Over-Representation Analysis with ClusterProfiler

Install and load packages

#BiocManager::install("clusterProfiler", version = "3.8")
#BiocManager::install("pathview")
#install.packages("wordcloud")
library(clusterProfiler)
library(wordcloud)

Annotations

I’m using D melanogaster data, so I install and load the annotation “org.Dm.eg.db” below.

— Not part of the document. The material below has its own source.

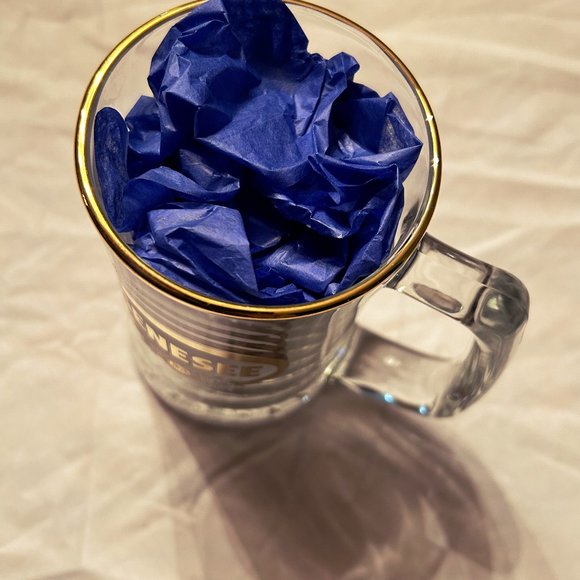 Vintage Genesee Beer Gold Rim Etched Flying Ducks Glass Mug Stein NEW Cond - Picture 6 of 7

See all annotations available here: http://bioconductor.org/packages/release/BiocViews.html#___OrgDb (there are 19 presently available).

organism = "org.Dm.eg.db"
#BiocManager::install(organism, character.only = TRUE)
library(organism, character.only = TRUE)

Prepare Input

# reading in input from deseq2
df = read.csv("drosphila_example_de.csv", header=TRUE)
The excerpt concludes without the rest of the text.